* _TO DO_: Exactly reproduce the line containing "700-HHF General Purpose" and all later lines to the end of the entries, leaving the pictures out of your copy.
(Beginning of SOURCE INFORMATION)
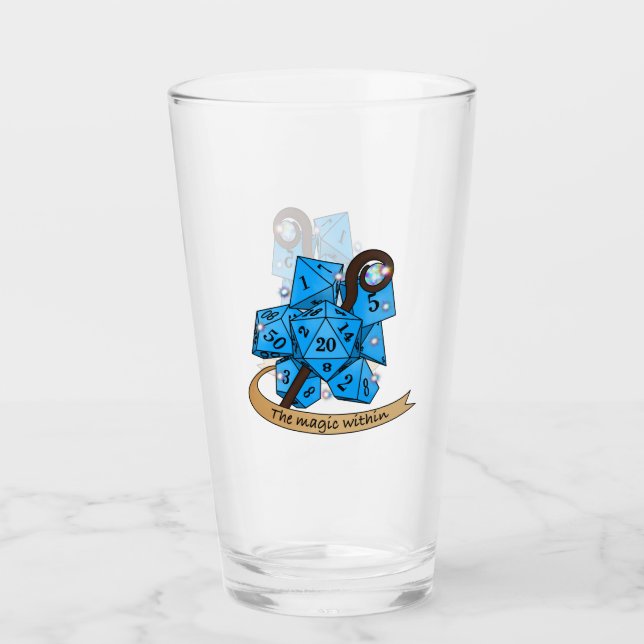 Sorcerer Dice Design Glas (Vorderseite)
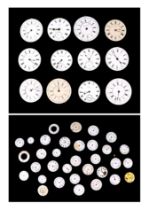 A large quantity of pocket watch movements and dials for restoration or parts.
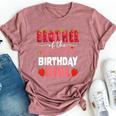 Brother Of The Berry First Birthday Of Girl Strawberry Bro Bella Canvas T-shirt Heather Mauve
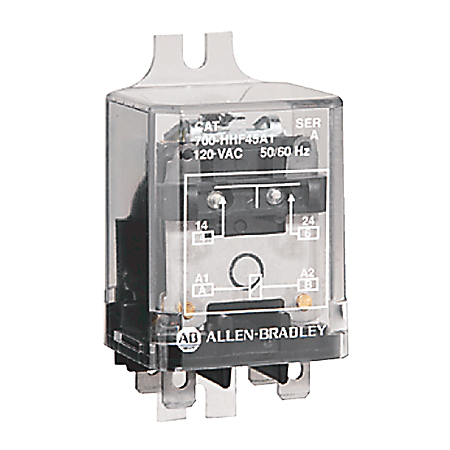 700-HHF General Purpose Flange Cover Power Relay, 25 Amp Contact, DPDT, 12V DC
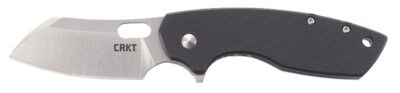 CRKT 5315G Pilar  Large 2.67″ Folding Plain Satin 8Cr14MoV SS Blade/Black G10/SS Handle Includes Pocket Clip
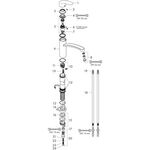 HG Einhebel-Spültischmischer FOCUS DN 15 f offene Heißwasserbereiter chrom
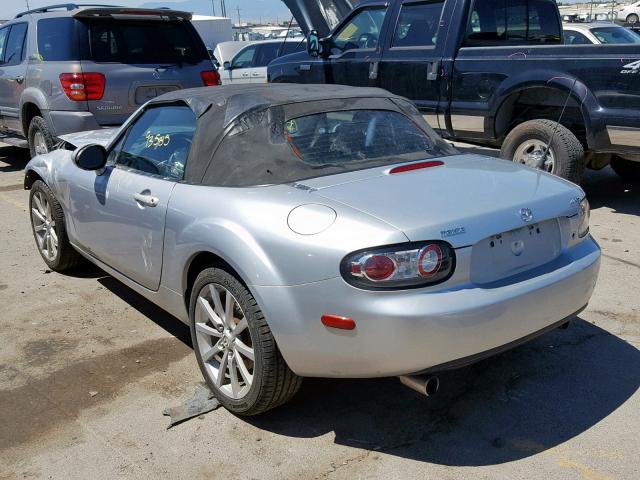 JM1NC25F460118938 - 2006 MAZDA MX-5 MIATA SILVER photo 3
(End of SOURCE INFORMATION)
* _REPLY TO THE TASK_:
 700-HHF General Purpose Flange Cover Power Relay, 25 Amp Contact, DPDT, 12V DC
 CRKT 5315G Pilar  Large 2.67″ Folding Plain Satin 8Cr14MoV SS Blade/Black G10/SS Handle Includes Pocket Clip
 HG Einhebel-Spültischmischer FOCUS DN 15 f offene Heißwasserbereiter chrom
 JM1NC25F460118938 - 2006 MAZDA MX-5 MIATA SILVER photo 3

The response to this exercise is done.